Più che un critico pare l’avvocato di Claudio. Ma ha torto? – Ha scritto più recentemente Cavell: «Mi colpisce comunque il fatto che nessuno, per quanto ne so, abbia risposto a Greg in maniera soddisfacente» (S. Cavell, Il ripudio del sapere. Lo scetticismo nelle tragedie di Shakespeare, Torino 2004). Cavell entra allora nel varco e insiste: «Ma perché bisogna a tutti i costi pensare che lo Spettro abbia detto la verità? (Sottolineo che, sospettando dello Spettro, né Greg né io vogliamo negare che Claudio abbia davvero ucciso suo fratello Amleto, come poi confessa nella scena della preghiera. Il punto è come ha ucciso.

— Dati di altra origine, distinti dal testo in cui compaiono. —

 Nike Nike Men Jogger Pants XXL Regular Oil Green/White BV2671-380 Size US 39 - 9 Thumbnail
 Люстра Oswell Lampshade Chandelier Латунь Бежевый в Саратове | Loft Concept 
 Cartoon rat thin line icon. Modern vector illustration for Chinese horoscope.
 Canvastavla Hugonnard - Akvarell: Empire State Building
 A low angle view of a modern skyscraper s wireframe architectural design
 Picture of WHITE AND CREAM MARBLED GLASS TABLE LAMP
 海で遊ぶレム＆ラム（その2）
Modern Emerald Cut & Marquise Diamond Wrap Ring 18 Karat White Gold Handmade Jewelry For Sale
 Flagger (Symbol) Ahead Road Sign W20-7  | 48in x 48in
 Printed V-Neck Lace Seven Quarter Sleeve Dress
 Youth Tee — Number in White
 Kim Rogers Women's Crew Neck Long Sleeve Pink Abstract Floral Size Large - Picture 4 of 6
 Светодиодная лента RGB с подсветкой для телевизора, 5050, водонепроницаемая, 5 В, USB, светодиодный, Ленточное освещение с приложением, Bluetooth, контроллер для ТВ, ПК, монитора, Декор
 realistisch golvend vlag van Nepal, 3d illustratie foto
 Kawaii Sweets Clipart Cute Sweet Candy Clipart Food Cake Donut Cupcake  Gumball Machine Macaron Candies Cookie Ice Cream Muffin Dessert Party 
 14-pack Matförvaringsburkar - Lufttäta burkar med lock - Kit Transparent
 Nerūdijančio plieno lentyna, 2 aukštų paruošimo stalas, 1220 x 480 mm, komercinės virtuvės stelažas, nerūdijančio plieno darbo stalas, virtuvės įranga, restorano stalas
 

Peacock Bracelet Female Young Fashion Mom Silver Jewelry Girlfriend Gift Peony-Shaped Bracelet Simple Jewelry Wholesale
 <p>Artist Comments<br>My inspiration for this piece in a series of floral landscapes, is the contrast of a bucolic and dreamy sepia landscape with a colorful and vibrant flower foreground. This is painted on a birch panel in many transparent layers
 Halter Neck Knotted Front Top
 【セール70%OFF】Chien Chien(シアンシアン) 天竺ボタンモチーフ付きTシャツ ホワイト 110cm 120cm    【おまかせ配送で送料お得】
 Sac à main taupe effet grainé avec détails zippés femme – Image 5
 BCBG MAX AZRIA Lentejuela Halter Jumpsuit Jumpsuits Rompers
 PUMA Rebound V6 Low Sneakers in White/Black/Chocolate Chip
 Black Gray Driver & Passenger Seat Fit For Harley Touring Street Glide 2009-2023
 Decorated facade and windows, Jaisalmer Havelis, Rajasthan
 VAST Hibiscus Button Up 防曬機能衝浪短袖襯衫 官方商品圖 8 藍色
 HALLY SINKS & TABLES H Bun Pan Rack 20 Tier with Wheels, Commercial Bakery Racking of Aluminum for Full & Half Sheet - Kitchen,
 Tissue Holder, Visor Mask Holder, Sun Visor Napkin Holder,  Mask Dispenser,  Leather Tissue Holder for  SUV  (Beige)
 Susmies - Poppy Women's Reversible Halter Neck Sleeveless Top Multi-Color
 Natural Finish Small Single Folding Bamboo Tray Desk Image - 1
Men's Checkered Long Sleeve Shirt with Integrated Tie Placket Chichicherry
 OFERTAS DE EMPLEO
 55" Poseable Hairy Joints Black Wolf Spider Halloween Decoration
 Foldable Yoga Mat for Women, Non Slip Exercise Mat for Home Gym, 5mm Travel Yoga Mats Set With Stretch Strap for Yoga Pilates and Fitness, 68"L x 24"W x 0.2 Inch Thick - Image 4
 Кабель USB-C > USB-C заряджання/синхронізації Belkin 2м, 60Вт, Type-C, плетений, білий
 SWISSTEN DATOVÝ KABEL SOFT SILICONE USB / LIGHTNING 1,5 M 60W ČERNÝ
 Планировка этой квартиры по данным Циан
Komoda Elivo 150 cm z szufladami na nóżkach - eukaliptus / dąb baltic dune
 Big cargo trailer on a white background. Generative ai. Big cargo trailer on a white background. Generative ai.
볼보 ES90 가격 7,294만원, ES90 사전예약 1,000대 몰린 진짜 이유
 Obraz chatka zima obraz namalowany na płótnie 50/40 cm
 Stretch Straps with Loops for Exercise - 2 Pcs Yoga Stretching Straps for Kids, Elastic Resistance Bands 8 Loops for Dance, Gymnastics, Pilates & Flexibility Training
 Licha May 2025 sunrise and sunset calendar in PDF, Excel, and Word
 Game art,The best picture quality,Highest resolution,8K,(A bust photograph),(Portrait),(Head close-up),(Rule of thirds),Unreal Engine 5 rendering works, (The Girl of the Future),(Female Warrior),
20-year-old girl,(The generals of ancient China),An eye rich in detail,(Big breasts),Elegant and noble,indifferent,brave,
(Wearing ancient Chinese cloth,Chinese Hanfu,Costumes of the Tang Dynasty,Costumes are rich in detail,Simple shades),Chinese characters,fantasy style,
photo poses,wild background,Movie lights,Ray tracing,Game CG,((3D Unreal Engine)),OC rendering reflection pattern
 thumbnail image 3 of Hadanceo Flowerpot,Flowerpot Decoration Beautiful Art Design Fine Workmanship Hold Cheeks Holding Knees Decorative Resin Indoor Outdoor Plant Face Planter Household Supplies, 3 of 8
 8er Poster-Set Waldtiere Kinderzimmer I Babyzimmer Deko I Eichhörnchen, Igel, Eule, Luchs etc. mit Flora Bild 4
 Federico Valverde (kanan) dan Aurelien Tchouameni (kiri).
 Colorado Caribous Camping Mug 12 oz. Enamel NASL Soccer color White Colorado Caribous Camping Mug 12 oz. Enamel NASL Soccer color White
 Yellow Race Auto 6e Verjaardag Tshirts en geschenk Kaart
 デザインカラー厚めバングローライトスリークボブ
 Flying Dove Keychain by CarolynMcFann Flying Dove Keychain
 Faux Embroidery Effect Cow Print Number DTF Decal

E questo il distinguo su cui si baserà tutta la mia argomentazione)» (Ibid.).

 

 

Il punto è come ha ucciso?... C’è del demente in Amletlandia, e questo, si sa, dalle origini.

 Intendiamo questa morbosa attenzione alla trama, che distingue da sempre un po’ tutti – Hegel, Goethe, Eliot… - davvero una legione di uomini geniali che credono però (come vorrebbe Amleto?) alla superstizione dei fatti. Molti elementi invece farebbero pensare che in Amleto già si covino le ambiguità irrisolvibili di Rashomon (Kurosawa, 1950), dove un fantasma – anche lì! – non solo non fa emergere la verità, ma intorbida ancora di più le acque. Ora, che Amleto sia il testo più a lungo coltivato di Shakespeare è per Auden la prova d’una sua debolezza intrinseca e non emendabile… giusto il contrario di quanto sostiene il, per il resto spesso noiosetto e sentenzioso, H. Bloom (Shakespeare, Milano 2003). La trama si sarebbe complicata perché l’autore avrebbe aggiunto disastri a disastri nell’illusione che si sarebbero corretti a vicenda: da qui una trama alla fine insostenibile ma anche misteriosamente perfetta: come accadde al film Casablanca (il paragone di Umberto Eco).

 

 

Potrebbe, sul problema della trama, aiutarci ancora il cinema e pensare che Shakespeare in Amleto non è un scrittore à la Hitchcock – mago di thrillers in cui comunque tutto alla fine ‘torna’, ma alla Howard Hawks del Grande sonno, capolavoro che il regista per primo diceva di non saper raccontare: intrigo noir in cui il caos delle trame non trova pace mai, e dove il ritmo e le atmosfere, le luci e gli sguardi, i toni e i vestiti, i fumi di sigarette e i fasci di luce delle auto nella brumosa città della notte, aprono a noi la più perfetta finestra sperabile per accedere al mondo senza Dio di Philip Marlowe.

 

Impossibile a questo punto non notare che sia Marlowe che Amleto sono dei sarcastici parlatori, che amano il monologo e, nel caso del cinema, la voce fuori campo.

(Il che sarebbe perfino un’idea per una regia: un Amleto in cui i monologhi siano più o meno tutti di una voce off: intanto l’azione va avanti, anche se magari per pantomime, come nell’Omicidio di Gonzago che sta al centro del terzo fatidico atto).